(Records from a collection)
▼

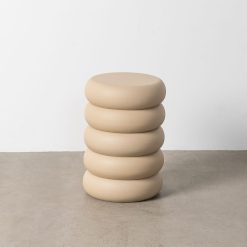 Mesa de centro bege em aço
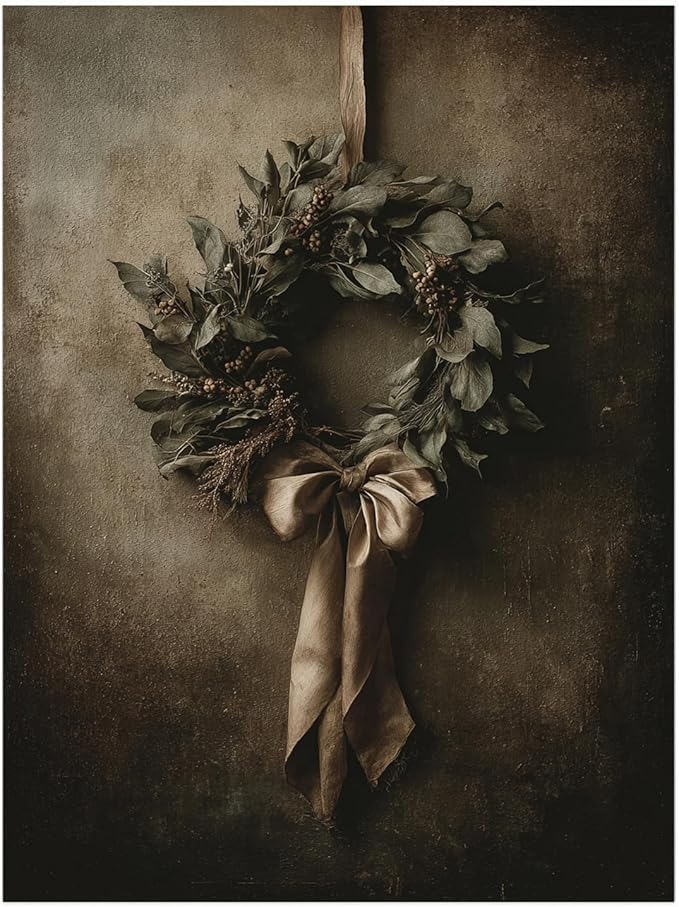 Christmas Wreath Still Life Print,Antique Holiday Wall Art,Rustic Winter Decor,Neutral Olive Green Painting,Moody Farmhouse Print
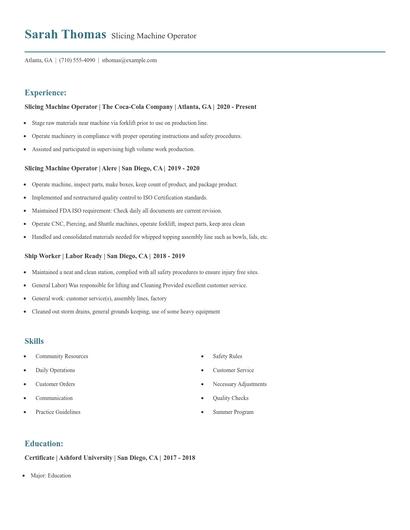 Slicing Machine Operator Resume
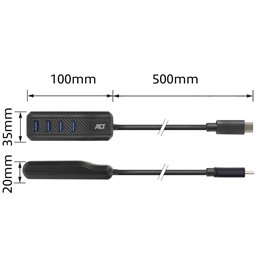 ACT USB-C hub 3.0, 4 poorts USB-A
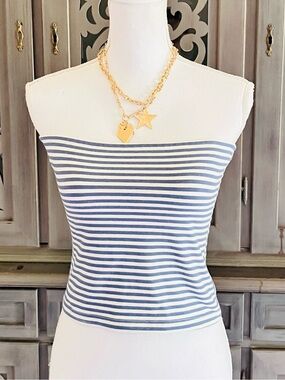 NWT Edikted blue white strapless top M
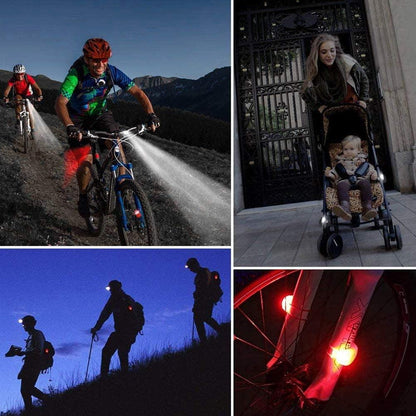 Waterproof Silicone Bike Front and Rear Lights by Stevvex, red/white LEDs on bikes and stroller on Tampa Home & Garden Store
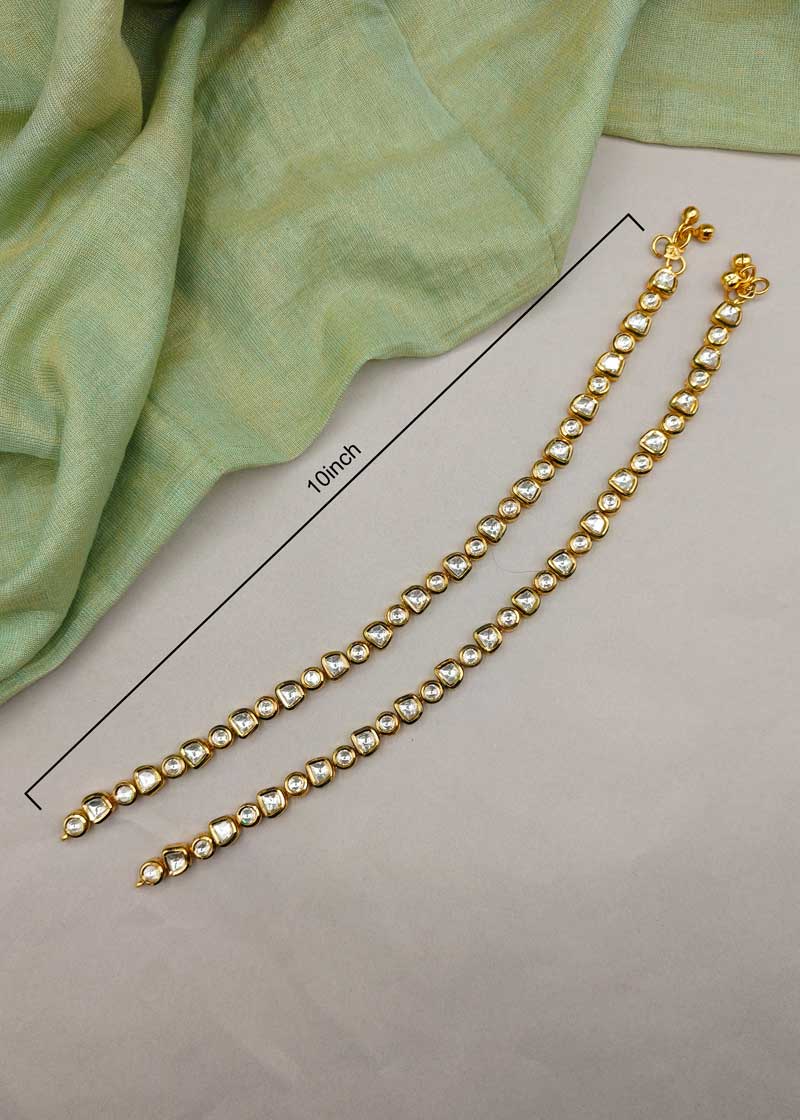 Rich Uncut Polki Style Square and Round Kundan Antique Gold Adjustable Payal/ Anklet For Women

▲

- ASSIGNMENT
From the line containing "Slicing Machine Operator Resume" through the last line of the records, both included, output those lines exactly and nothing else; skip the pictures.

- RESPONSE TO THE EXERCISE
 Slicing Machine Operator Resume
 ACT USB-C hub 3.0, 4 poorts USB-A
 NWT Edikted blue white strapless top M
 Waterproof Silicone Bike Front and Rear Lights by Stevvex, red/white LEDs on bikes and stroller on Tampa Home & Garden Store
 Rich Uncut Polki Style Square and Round Kundan Antique Gold Adjustable Payal/ Anklet For Women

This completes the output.